Within the first year, new e-Commerce customers spend approximately $154 with retailers. Most (69%) of this amount is spent within the first 30 days, according to research from RJMetrics. However, only 32% of consumers place a second order with retailers within that year.
Marketers need to respond by increasing focus on retaining customers and maximizing customer lifetime value (CLV). CLV is the sum of all purchases a customer makes in a given time period, with the report calling it “the most important metric for understanding your business.” In fact, the fastest-growing e-Commerce retailers acquire a CLV 79% higher than their peers after a full year.
RJMetrics released the 2015 Ecommerce Buyer Behavior Report, which includes data from 176 e-Commerce retailers and 18 million customers, in order to uncover online shopping behaviors and trends.
The report concluded that retailers’ overall dependency on customer acquisition varies by their vertical. For example, houseware/home and computer/electronics retailers rely more significantly on new customers spending a large amount of money up front, while food, drug and mass merchants rely more on repeat purchases growing over time.

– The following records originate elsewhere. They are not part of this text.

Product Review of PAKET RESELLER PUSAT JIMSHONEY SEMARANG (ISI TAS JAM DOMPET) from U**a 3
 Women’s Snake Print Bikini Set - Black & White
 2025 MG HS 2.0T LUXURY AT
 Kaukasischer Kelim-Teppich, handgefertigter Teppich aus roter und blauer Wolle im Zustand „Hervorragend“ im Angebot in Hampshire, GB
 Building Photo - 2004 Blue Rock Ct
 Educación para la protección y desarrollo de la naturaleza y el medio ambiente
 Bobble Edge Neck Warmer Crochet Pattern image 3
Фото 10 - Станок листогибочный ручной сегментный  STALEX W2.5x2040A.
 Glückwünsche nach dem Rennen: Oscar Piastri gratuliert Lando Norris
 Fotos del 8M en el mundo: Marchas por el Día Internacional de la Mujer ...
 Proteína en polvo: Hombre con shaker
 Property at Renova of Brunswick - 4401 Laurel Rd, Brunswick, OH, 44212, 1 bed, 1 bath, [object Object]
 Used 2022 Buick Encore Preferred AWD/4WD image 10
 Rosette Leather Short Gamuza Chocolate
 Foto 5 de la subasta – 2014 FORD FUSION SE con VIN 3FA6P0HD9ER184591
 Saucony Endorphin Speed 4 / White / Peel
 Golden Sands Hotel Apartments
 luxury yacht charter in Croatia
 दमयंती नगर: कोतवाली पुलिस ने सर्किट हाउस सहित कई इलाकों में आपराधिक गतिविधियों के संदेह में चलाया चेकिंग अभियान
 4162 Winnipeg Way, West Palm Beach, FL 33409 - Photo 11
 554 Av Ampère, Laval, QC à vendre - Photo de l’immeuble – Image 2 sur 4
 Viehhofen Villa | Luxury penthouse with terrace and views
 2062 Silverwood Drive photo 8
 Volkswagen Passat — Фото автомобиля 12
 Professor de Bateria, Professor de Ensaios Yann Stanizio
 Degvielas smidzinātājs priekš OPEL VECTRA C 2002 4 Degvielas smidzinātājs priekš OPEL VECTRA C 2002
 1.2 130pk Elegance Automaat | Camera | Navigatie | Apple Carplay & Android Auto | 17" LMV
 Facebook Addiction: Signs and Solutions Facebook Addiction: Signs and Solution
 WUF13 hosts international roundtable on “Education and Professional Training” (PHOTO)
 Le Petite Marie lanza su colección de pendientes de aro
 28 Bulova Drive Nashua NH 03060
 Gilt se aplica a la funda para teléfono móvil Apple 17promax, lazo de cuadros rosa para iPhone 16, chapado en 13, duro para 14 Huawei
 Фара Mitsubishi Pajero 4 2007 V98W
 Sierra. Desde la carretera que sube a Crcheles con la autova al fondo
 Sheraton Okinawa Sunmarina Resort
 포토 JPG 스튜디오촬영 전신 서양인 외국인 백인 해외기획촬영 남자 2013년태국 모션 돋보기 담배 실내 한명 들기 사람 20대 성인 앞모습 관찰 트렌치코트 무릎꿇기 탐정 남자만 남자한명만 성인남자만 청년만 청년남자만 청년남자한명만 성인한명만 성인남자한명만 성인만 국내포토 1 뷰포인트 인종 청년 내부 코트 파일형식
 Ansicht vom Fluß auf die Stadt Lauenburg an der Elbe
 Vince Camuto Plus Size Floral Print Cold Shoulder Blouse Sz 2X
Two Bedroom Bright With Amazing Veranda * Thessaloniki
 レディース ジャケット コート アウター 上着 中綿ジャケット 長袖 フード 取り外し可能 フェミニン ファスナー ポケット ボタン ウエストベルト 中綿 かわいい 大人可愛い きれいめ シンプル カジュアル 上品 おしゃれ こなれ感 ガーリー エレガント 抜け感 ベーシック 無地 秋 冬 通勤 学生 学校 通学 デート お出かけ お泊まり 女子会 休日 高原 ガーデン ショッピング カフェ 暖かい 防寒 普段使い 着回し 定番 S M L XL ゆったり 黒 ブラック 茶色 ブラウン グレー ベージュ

E-Commerce retailers can use this insight to make predictions about which customers will turn into big spenders, and they can segment this data further by analyzing:
Number of items in each order; and
Days between orders.
The fastest growing companies are improving CLV because they excel at acquiring more high-value customers and increasing the value of their existing customers. Additionally, purchase rates increase steadily with each incremental purchase during the first year. While the likelihood of a consumer making a second purchase after a first is relatively low, the likelihood of a third purchase jumps to 53%, and increases to 64% and 70% on the fourth and fifth purchases, respectively.